Home / Education / The Classical Christian Curriculum: Marriage to a Corpse
Print Friendly and PDF

The Classical Christian Curriculum: Marriage to a Corpse

Written by Gary North on July 16, 2014

To understand Christian homeschooling today, you must understand the work of R. J. Rushdoony. You need to understand two things. First, he saw education as a war of the worldviews. Second, he utterly rejected the underlying concept behind the so-called classical Christian curriculum: religious syncretism. The second position was an extension of the first.

What is syncretism? This dictionary definition is accurate: “The amalgamation or attempted amalgamation of different religions, cultures, or schools of thought.”

From the 1960’s through the 1990’s, the homeschool movement in the United States faced an escalating battle with state governments. The movement was overwhelmingly made up of Protestant fundamentalists who had decided that they could no longer cooperate with the educational philosophy and programs of the tax-funded schools, K-12. State by state, regulation by regulation, these were the front lines of the war of the worldviews. The states did not want students to escape from state control over the state’s curricula and teaching philosophies. Also, because state funding of local districts depends on enrollment, every child pulled out of the schools cuts the income of the school district.

Throughout this period, Rushdoony was the premier spokesman for the religious rights of parents in this war against humanistic state education. This culminated in 1994 with a Texas Supreme Court decision, in which the school districts in Texas were dealt a massive blow against their control over homeschooling parents. The educational bureaucrats never recovered.


The states varied in their threats against homeschooling families. In Texas, the showdown came in a court case: Leeper v. Arlington. A Google search reveals hundreds of articles on this case. A total of 80 families in the state were prosecuted by school districts for criminal violations of a 1985 compulsory attendance law. In 1985, attorney Shelby Sharpe filed a class action suit against all 1,100 school districts. The result came after nine years of litigation. The initial decision came in 1987.

The Tarrant County District Court ruled that home schools are indeed private schools. On April 13, 1987, presiding Judge Charles J. Murray issued a decision (binding on all 1,100 school districts) which was a complete vindication of the rights of parents to educate their children at home in the State of Texas.
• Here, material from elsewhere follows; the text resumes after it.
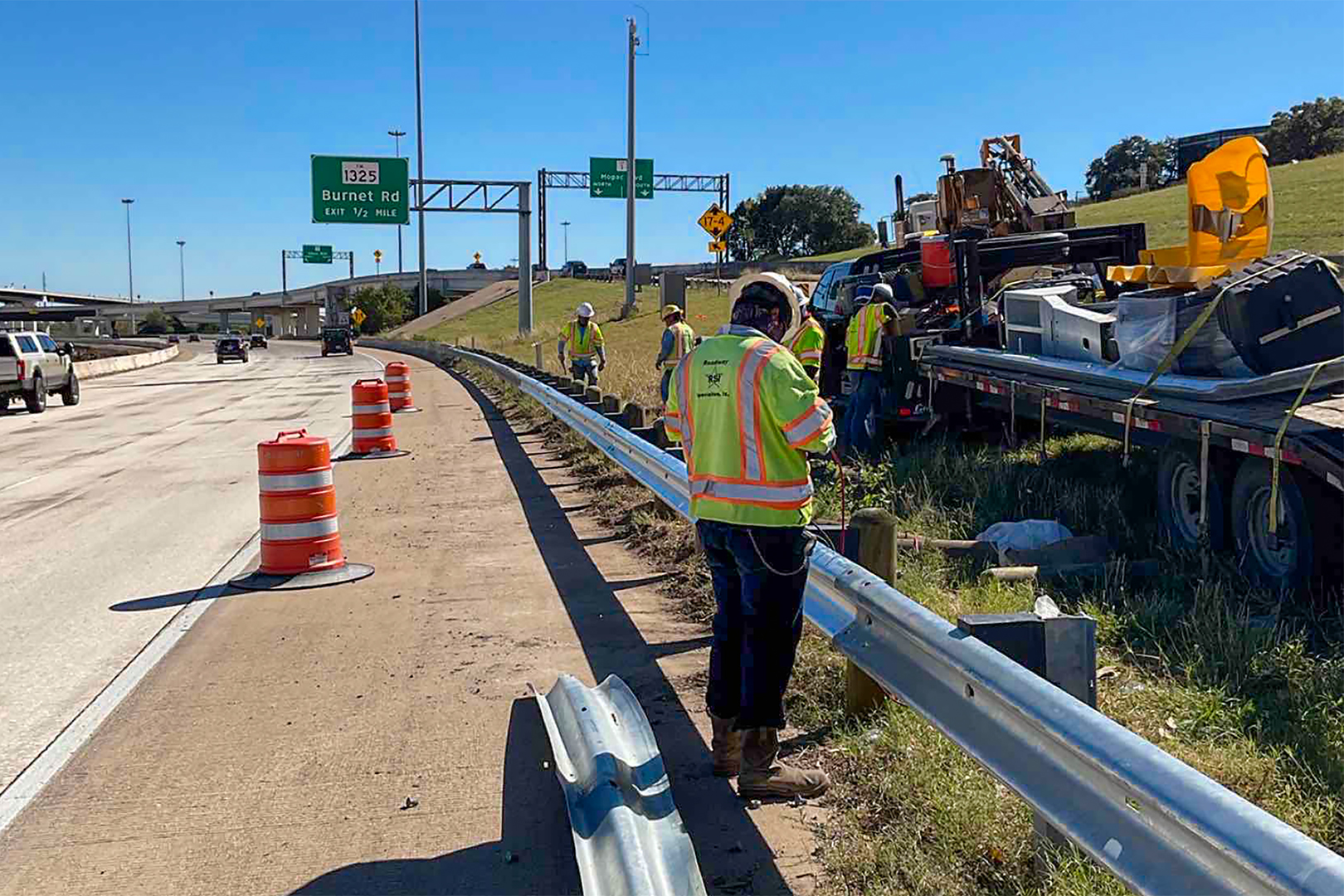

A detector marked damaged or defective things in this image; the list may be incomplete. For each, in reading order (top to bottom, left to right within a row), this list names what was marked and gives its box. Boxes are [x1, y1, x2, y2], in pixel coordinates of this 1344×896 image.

The state appealed. In 1991, an appeals court upheld the local judge’s decision. The state appealed. In 1994, the Texas Supreme Court voted 9 to 0 in favor of the parents. At that point, the state was definitively beaten. The districts were fined several hundred thousand dollars. That threw the fear of the state into them. That ended the school districts’ authority or willingness to interfere with parental rights in education.
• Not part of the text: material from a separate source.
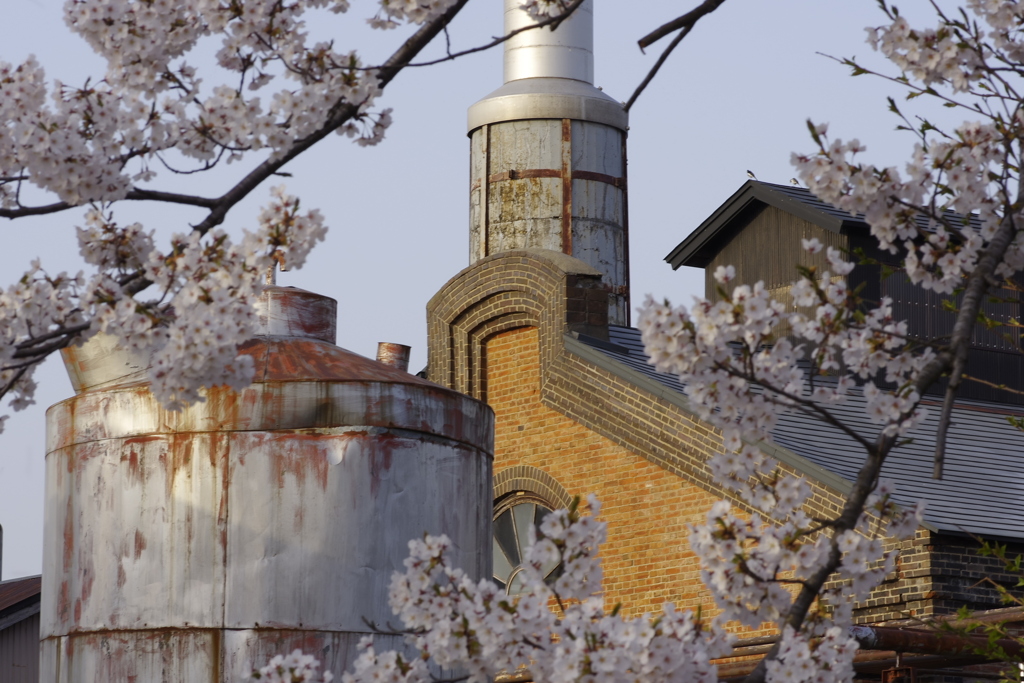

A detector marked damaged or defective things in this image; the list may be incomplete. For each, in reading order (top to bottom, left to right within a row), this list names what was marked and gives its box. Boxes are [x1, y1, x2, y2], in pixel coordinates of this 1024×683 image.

rusty metal tank [468, 0, 626, 325]
rusty metal tank [37, 286, 489, 679]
In 2013, the Texas Commissioner of Education reminded the school districts and parents of state policy.

The issues surrounding students schooled at home continue to be of significant interest to parents and school districts. Because of the number of inquiries the Texas Education Agency (TEA) receives regarding this matter, I am providing some general information with respect to the Agency’s position on home schooled students.The decision rendered in Leeper et al. vs. Arlington ISD et al. clearly establishes that students who are home schooled are exempt from the compulsory attendance requirement to the same extent as students enrolled in private schools. Students should be disenrolled by school officials when they receive written notice either by signing withdrawal forms or a letter of withdrawal. It is not necessary for the parents to make a personal appearance with school officials or present curriculum for review.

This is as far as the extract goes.